Think green: FPCCI offers to set up effluent treatment plants to cope with Karachi’s waste

The plants will not ensure effective disposal only but will also generate electricity.

Our Correspondent August 16, 2014


For a city as large and diverse as Karachi, one of the major problems is the proper disposal of its waste. Over the years, the city has struggled to cope with the millions of tons of waste the residents produce each day.

The Federation of Pakistan Chambers of Commerce and Industries (FPCCI) have come up with an ingenious solution to the problem. The federation has offered the Sindh government to set up combined effluent treatment plants in industrial areas of Karachi and generate electricity from solid waste management schemes with the help of international donor agencies.

The offer was put before the government by a four-member delegation of FPCCI led by the chairperson of its standing committee on environment, Gulzar Firoz. Other members included Syed Muhammad Shifaaat Zaidi, Shama Saeed and Dr Samiuz Zaman. The Sindh Environmental Protection Agency (SEPA) director Waqar Phulpoto was also present at the meeting.

The FPCCI delegation explained that combined effluent treatment and solid waste management had become essential for industries after Pakistan was accorded the GSP plus status. "Untreated industrial effluent not only pollutes the sea but also creates serious health hazards for the city's residents. The Italian, Russian and UN environmental agencies are ready to finance these projects," said Gulzar Firoz in his briefing before the chief minister. "We have contacted several other donors who have shown interest to invest in this sector. These donors will be willing to brief any government officials by the end of the month so that these projects can be materialised without any delay."

Sindh Chief Minister Syed Qaim Ali Shah welcomed the offer and said that his government was serious on not only implementing the existing laws for environmental protection, but efforts were also underway to draft more laws to ensure a clean environment.
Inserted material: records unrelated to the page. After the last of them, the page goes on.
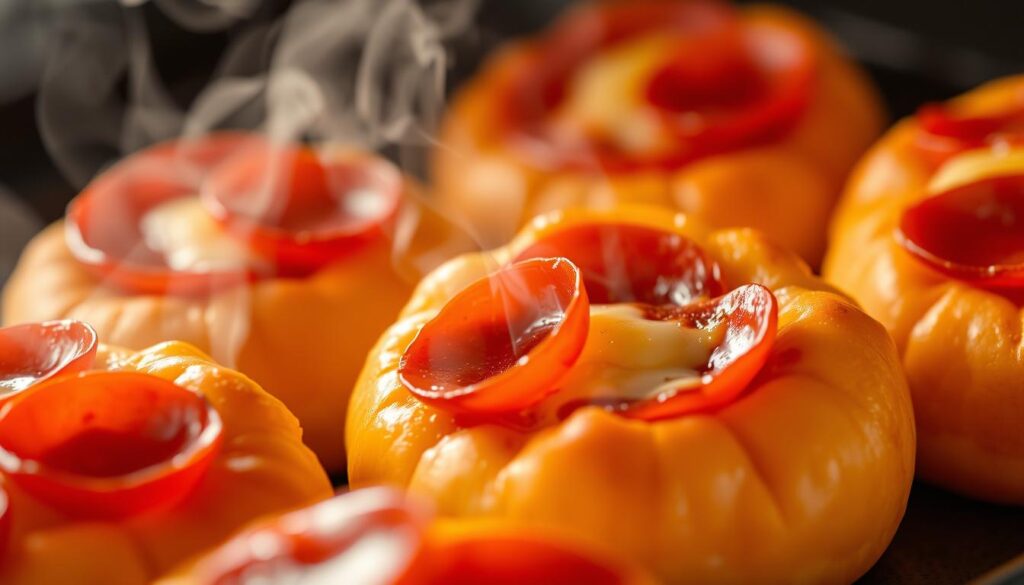 pepperoni pizza bombs pepperoni pizza bombs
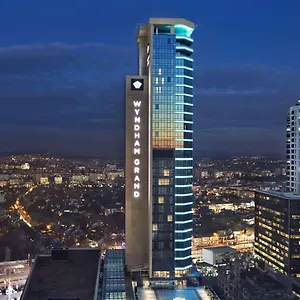 Hotel Wyndham Grand Levent & Conference Center, Provincia di Istanbul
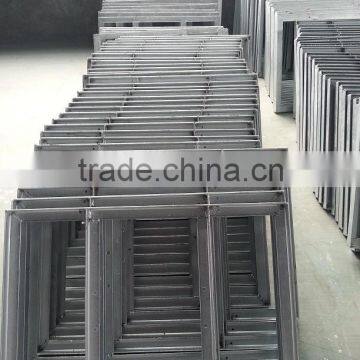 Vison Lighting solar light panel support
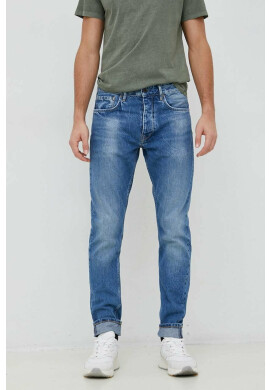 Pepe Jeans Дънки Callen - Pepit.bg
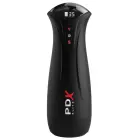 PDX Elite Fuck-Gasm Light Automated Intimate Device – 24.5 cm – Black — Photo 3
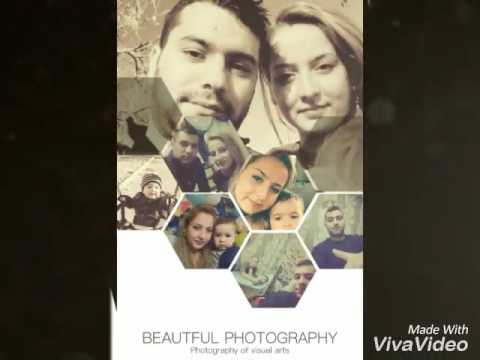 Vasko i Dafi Slavoslovinas tut NOVO 2017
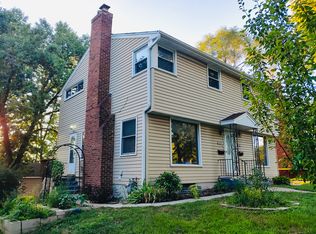 3724 Sumter Ave S, Minneapolis, MN 55426
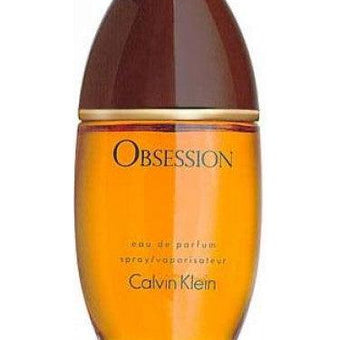 CK Obsession for her - Parfum Gallerie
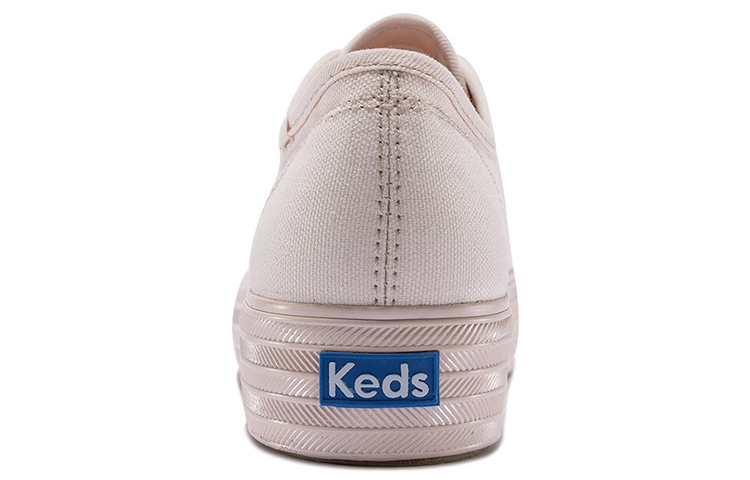 (W) Keds Triple Kick 'Shimmer Light Pink' 圖 4
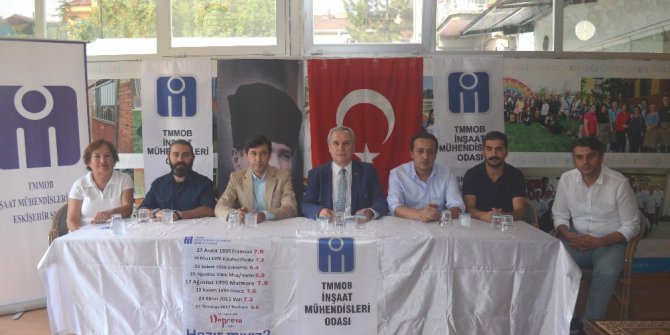 Kent politikaları toplum yararı için yapılmalıdır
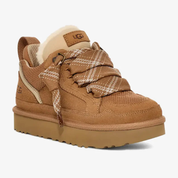 Warme suède winterboots dames – gevoerde winterlaarzen met gripzool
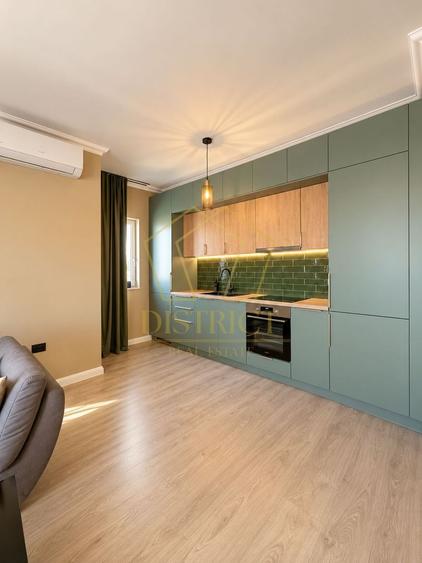Apartament Superb cu 2 camere | Prima inchiriere | Etajul 2 | Giroc - Cal Urseni
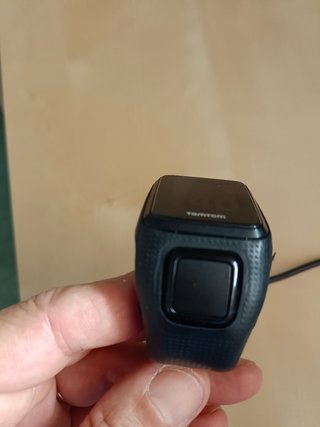 Tomtom Runner3 para reparar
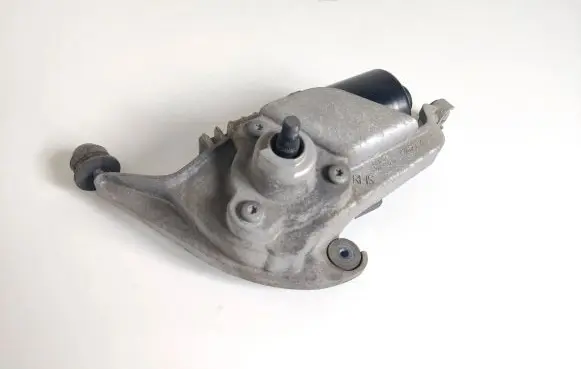 Ford Grand Tourneo Connect Wiper motor DT1117504BC W000038431 047000384313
He said that through combined effluent treatment plants and solid waste management, the provincial government hoped to not only address the issues of environmental degradation, but also generate electricity.  Shah said that the management of sewage water and cleanliness were among the major problems faced by the city and the prime responsibility to resolve these issues lay with Karachi Metropolitan Corporation (KMC). It had, however, failed to deliver forcing the government of Sindh to extend administrative and financial support to the KMC.

The chief minister informed the delegation that an agreement for the generation of 300MW of electricity from solid waste will be signed with a Chinese company by the end of the month.

Published in The Express Tribune, August 17th, 2014.